Clustering in three large cohorts based on clinical measures
In this cross-sectional study, 15,940 individuals from three cohorts were included, for which baseline characteristics are given in Table 1. The characteristics of the three cohorts were generally comparable, with the majority male participants and an average age of around 60 years. Individuals were clustered based on age, BMI, HbA1c, C-peptide and HDL-cholesterol. The optimal number of clusters was based on the gap statistic across the three cohorts. In GoDARTS the optimal number of clusters was five, with lower gap statistics from six onwards.

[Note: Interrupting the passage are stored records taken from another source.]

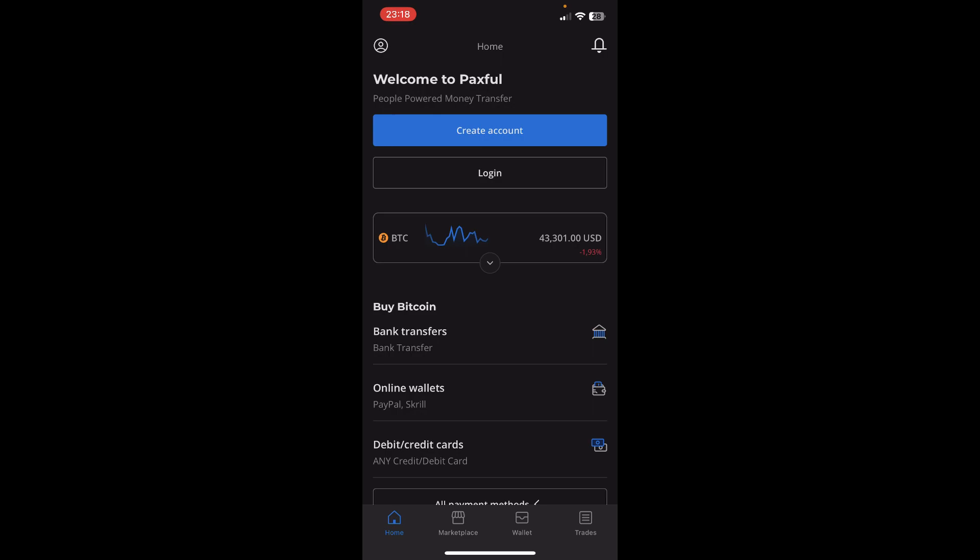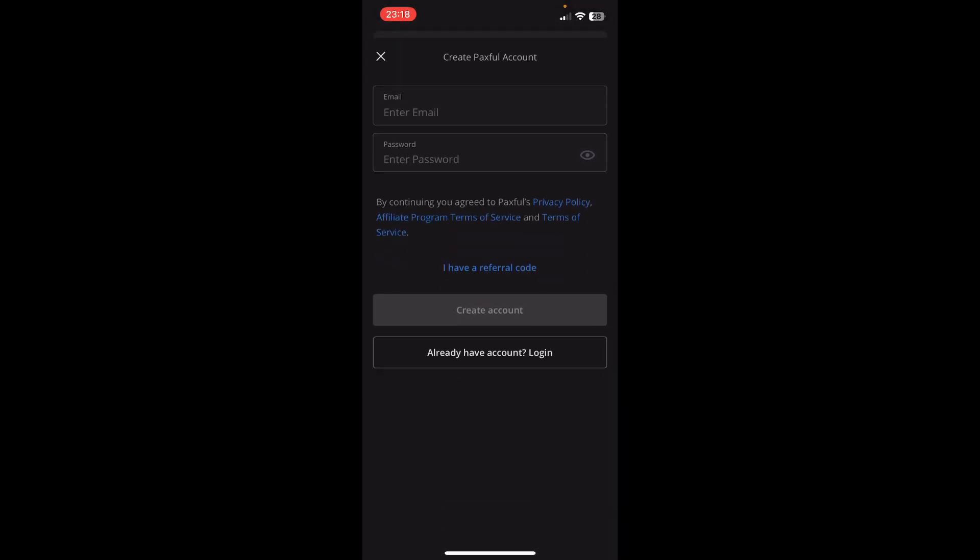you can create your account. Simply tap on create account and then here you'll have to enter your email address, your password and then tap on create account and you'll get redirected to another page where you'll have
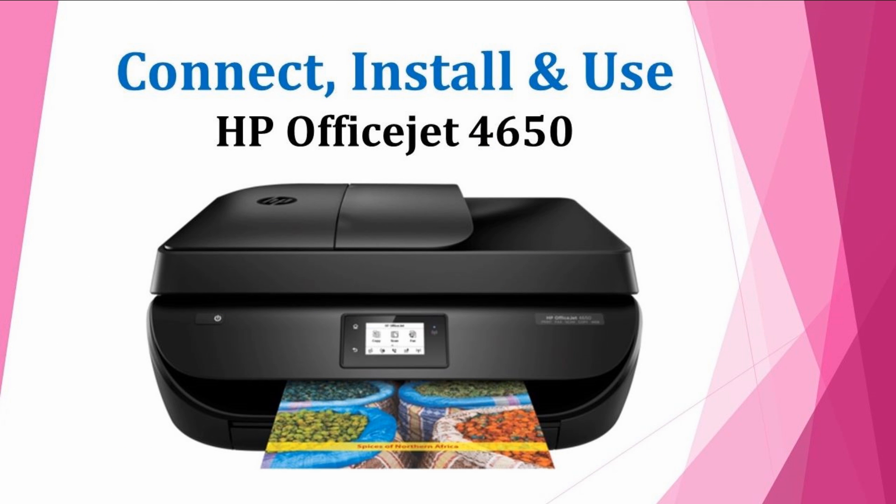This is how you connect your HP OfficeJet 4650 using the wireless setup wizard, download and install the software, and use it to scan a JPEG file. Hope this is useful. Thanks for watching. Stay tuned.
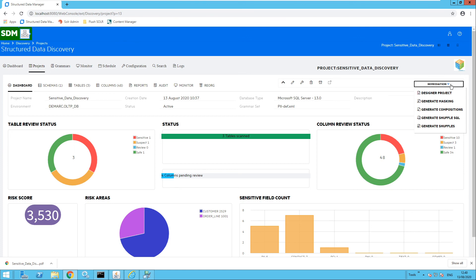That covers most of the new features identified in the sensitive data discovery for version 7.6.4. We discovered the project dashboard and also reviewed the reporting capabilities, as well as the monitoring capabilities for a database admin who wants to see exactly what SQL queries were sent during scan jobs. Finally, we also covered the grammar dashboard. Thank you.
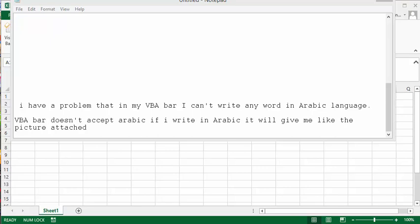I received an interesting question the other day. It's for people that don't write in English. For example, this gentleman has a problem writing in VBA. He can't write in Arabic language. The VBA doesn't accept Arabic, and if Arabic is used it gives him like a picture attached. So what I did is I figured out a solution to this problem.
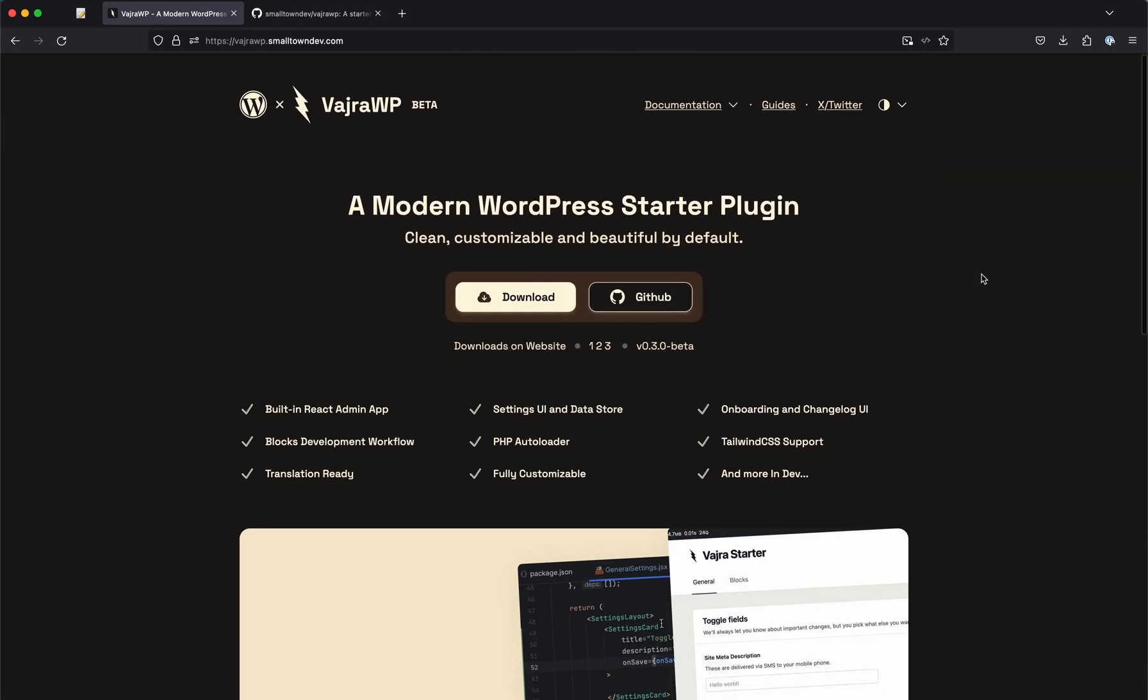So hopefully one soon. Currently the version number is v0.3.0 beta and this counter is live, so I really like this one. It just updates live, whether if someone else is downloading anywhere else it will update real time. This is pretty cool.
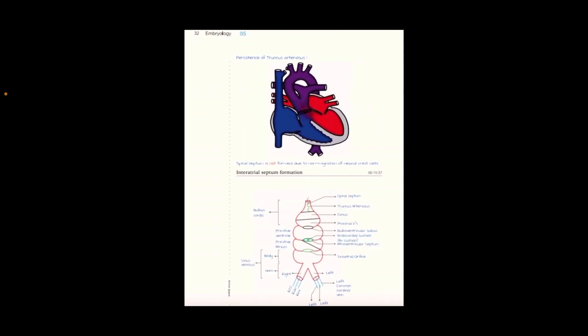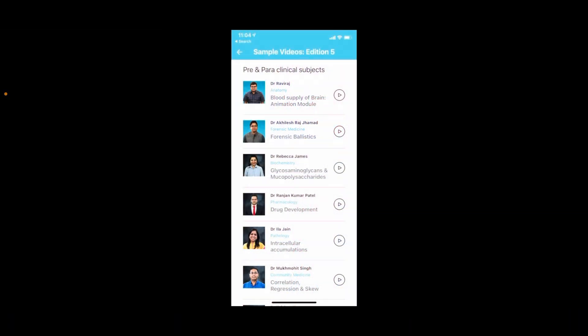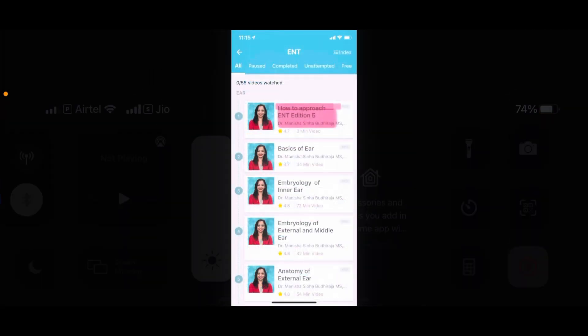Next is an embryology example — how the persistence of the truncus arteriosus is shown, and how inter-arterial septal formation is beautifully represented with pictures. There are also screenshots showing inclusion of sample videos in Edition 5, as I already mentioned. This screenshot shows how to approach Edition 5, which is very important for all of you.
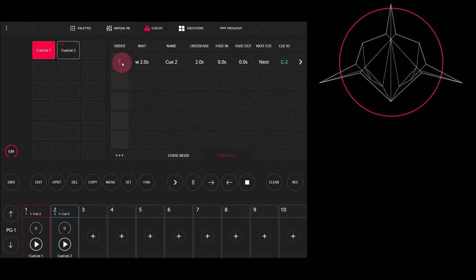You can tell it renumbered because this one is still named Cue2, and it used to be in the second position.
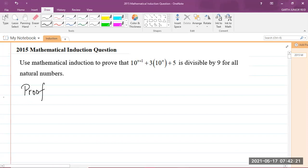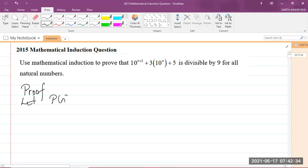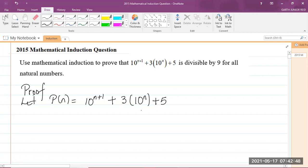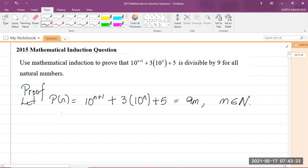Proof. Let P(n) be equal to 10 to the power of n plus 1, plus 3 times 10 to the power of n, plus 5. We are to prove that this is divisible by 9. Anything divisible by 9 means it can be written as 9 multiplied by some natural number. So we can say this is equal to 9m, where m is a member of the set of natural numbers. You could use any letter to represent the natural number.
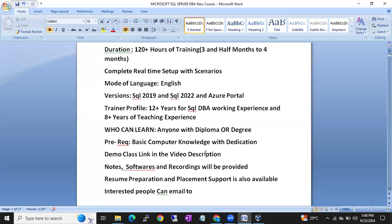With our training we can build a minimum 5 to 6 years level of experience — covering L1 level issues, L2 level issues, and partial L3 level subjects in the complete training. After taking the training, you can handle interviews on your own and handle the work on your own.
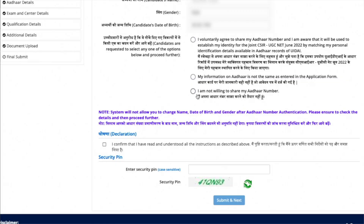Next are Aadhaar details. Here you may have selected whether you are willing to share your Aadhaar number or not. You can make changes in the Aadhaar details section as well.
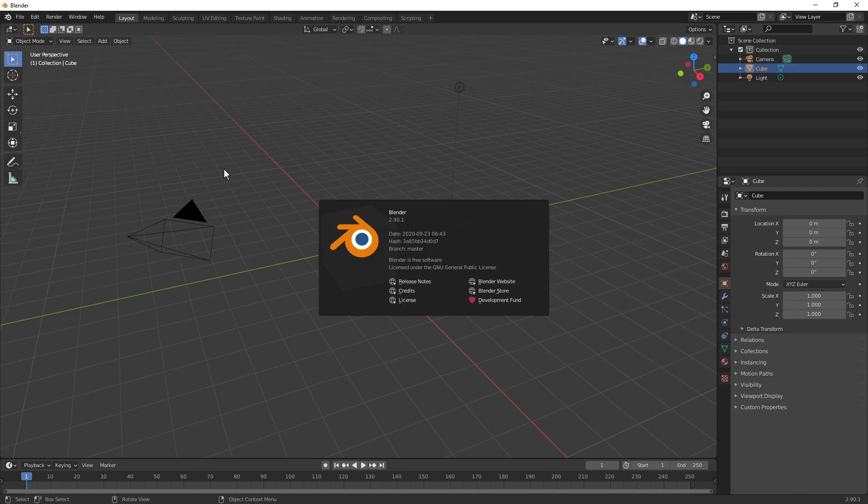Hello and welcome to a video about video editing with Blender. That is a tongue twister. Today we're going to be looking at transitions.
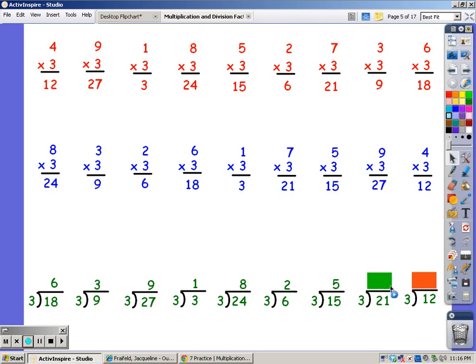Until I get to 21. 3, 6, 9, 12, 15, 18, 21. Took 7 fingers. And the last one, until I get to 12. 3, 6, 9, 12. Took 4 fingers.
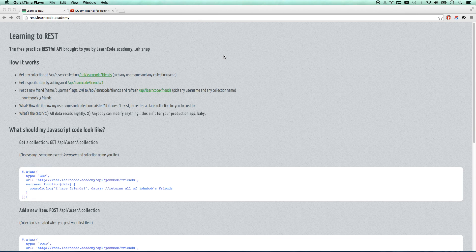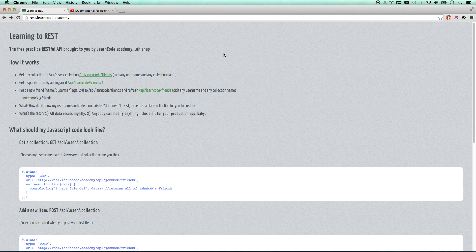A lot of people who are learning JavaScript run into a block in their learning curve when they want to start developing Ajax applications, but they're not on a team that has Ajax backend APIs that they can use. Or maybe you're learning at home and you don't have access to anything that gives you the ability to start doing that. I thought about that over the weekend a lot, so I put together a free RESTful API that you guys can use to learn Ajax on your own.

In DCS and ANDIS, the increase in gap statistic showed a clear stabilisation after five clusters. Therefore, we considered five the most optimal number of clusters (ESM Fig. 1a). The first cluster comprised 13–17% of the individuals included. It was characterised by high HbA1c, but, compared with the other clusters, participants were younger with lower BMI, C-peptide and HDL-cholesterol levels. When compared with the original clusters in ANDIS , this cluster was most similar to the SIDD cluster with a sensitivity (SEM) of 90.7% (CI 88.4%, 92.6%; Fig. 1, ESM Fig. 1b) . Between 9% and 22% of individuals clustered to a cluster with high C-peptide levels and age, but relatively lower HbA1c and HDL-cholesterol levels, suggestive of insulin resistance. Indeed, compared with the ANDIS clusters, this cluster resembled most the SIRD cluster with an SEM of 92.4% (CI 89.7%, 94.6%; Fig. 1, ESM Fig. 1b) . The third cluster comprised participants with high BMI and the youngest age and relatively lower levels of HbA1c and HDL-cholesterol. It was most similar to the originally described MOD cluster with an SEM of 80.6% (CI 78.4%, 82.7%) and comprised 18–23% of the individuals included in the study. The fourth and fifth clusters were most similar to the MARD cluster and showed a combined sensitivity of 79.1% (CI 77.5%, 80.6%) against the MARD cluster in ANDIS (Fig. 1, ESM Fig. 1b) . The fourth cluster, which was also the largest, encompassing 29–35% of the individuals, showed no extreme characteristics and was termed mild diabetes (MD). The fifth cluster was characterised by higher age and HDL-cholesterol and was termed mild diabetes with high HDL-cholesterol (MDH), and comprised 16–19% of the individuals (Fig. 1). Between male and female participants there were small differences in characteristics, but the overall differences between clusters were similar across both sexes (ESM Fig. 2).
Clusters cross-validate between the three cohorts
To assess the stability across cohorts, clusters were cross-validated between cohorts. Clusters generally cross-validated well between the three cohorts (ESM Fig. 3, ESM Table 2). The SIDD and MDH clusters showed the highest sensitivity of the five clusters identified, ranging from 85.6% (CI 83.5%, 87.6%) to 97.1% (CI 94.8%, 98.5%) in SIDD and from 73.3% (CI 69.5%, 77.0%) to 92.9% (CI 91.3%, 94.3%) in MDH (ESM Fig. 3, ESM Table 2). The SIRD and MD clusters performed generally worst in terms of sensitivity, with sensitivities ranging from 36.1% (CI 32.3%, 39.9%) to 92.3% (CI 90.1%, 94.2%) in SIRD and from 40.8% (CI 38.9%, 42.7%) to 78.1% (CI 75.9%, 80.2%) in MD. Individuals clustered to SIRD were classified as MD and vice versa (ESM Fig. 3, ESM Table 2). The sensitivity of the MOD cluster ranged from 55.0% (CI 52.6%, 57.3%) to 93.2% (CI 91.5%, 94.7%).
Clusters are different in their progression to insulin requirement
Next, we assessed differences between clusters in terms of progression towards insulin initiation or requirement. As expected, the SIDD cluster showed the fastest progression (HR 3.40 [CI 1.72, 6.72]) compared with the other clusters (Table 2, ESM Fig. 4). The SIRD group showed slower progression (0.59 [0.46, 0.76]). The clusters MD and MDH also showed differences in their progression, where MDH showed the slowest progression compared with the other clusters (0.44 [0.33, 0.59]), also slower than MD (0.81 [0.63, 1.06]).